Reviews and occasional notes on classical music

"Music, both vocall and instrumental, so good, so delectable, so rare, so admirable, so super excellent, that it did even ravish and stupifie all those strangers that never heard the like." - Thomas Coryat, after hearing 3 hours of music at the Scuola di San Rocco in Venice, 1608.

Tuesday, February 12, 2019

A stimulating music synthesis


Gernot Wolfgang's Vienna and the West: Road Signs, Passage to Vienna, Route 33, Windows, Impressions, From Vienna With Love

From Bill Evans' use of the Viennese Trichord (in "What Is This Thing Called Love?", from his 1960 album Portrait in Jazz) to Don Byron & Aruan Ortiz's latest album, Random Dances & (A)Tonalities, there has been a significant, consistent influence from the Second Vienna School on jazz. The harmonic and melodic innovation of Schoenberg and the stripped-down aesthetic of Webern meet jazz from the 60s and film scores since then, in this excellent new album from Grammy-nominee Gernot Wolfgang. Wolfgang brings his usual high-flying Los Angeles-based team of studio musicians, expert in both classical and popular idioms. For these fine musicians he's provided a diverse groups of pieces. "Groove-oriented chamber music" is an interesting term, but it doesn't *quite* capture the wide range of music included here.

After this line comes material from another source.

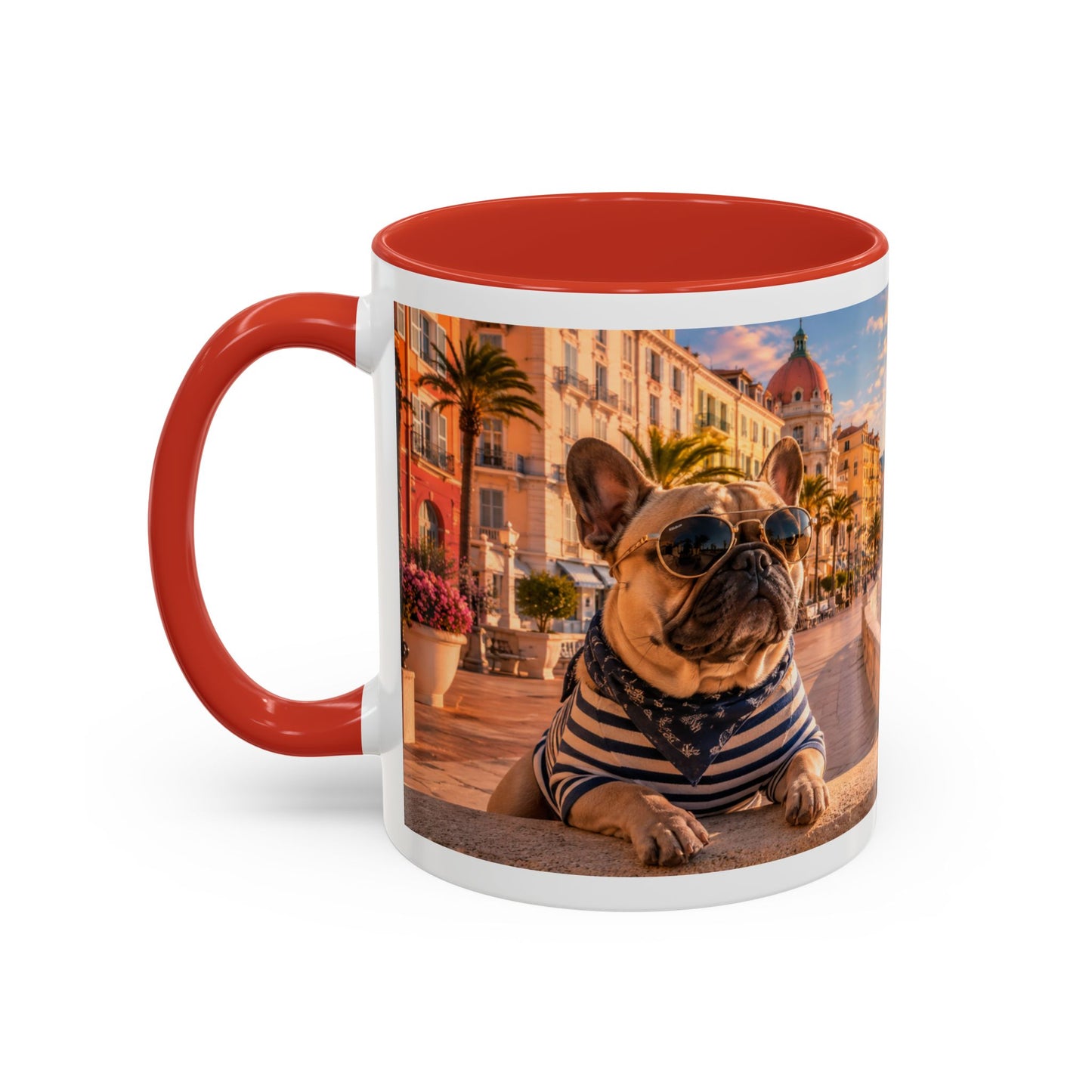 French Bulldog Beach Time Coffee Mug (11oz)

We begin with the witty Road Signs, about Los Angeles's idée fixe: traffic. This features the bassoon, which so often seems to be having way more fun than every other instrument. Bassoonist Judith Farmer's touch is light when it needs to be, but she doesn't hesitate to stick the best jokes. The piano trio Passage to Vienna is a more serious work, dealing with the Old World/New World dialectic that has given us so many great works of art, from Henry James to Heitor Villa-Lobos. This is Anton Webern played late at night, after Dave Brubeck and Paul Desmond have finished their final set.

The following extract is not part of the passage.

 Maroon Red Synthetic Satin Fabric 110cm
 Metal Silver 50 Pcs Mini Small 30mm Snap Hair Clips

The program concludes with a clever and touching piano quartet, From Vienna With Love, which is based on a theme from a sketch Gustav Mahler made for his Piano Quartet of 1876. There's a real tango feel to the piece, with contrasting aggressive and sentimental themes, though the folkloric content is Eastern European rather than Latin. Once again jazz-inflected passages alternate with more erudite ones, but in this piece especially Wolfgang achieves a real synthesis, I think.  It's a great end to a stimulating, and fun, album of music.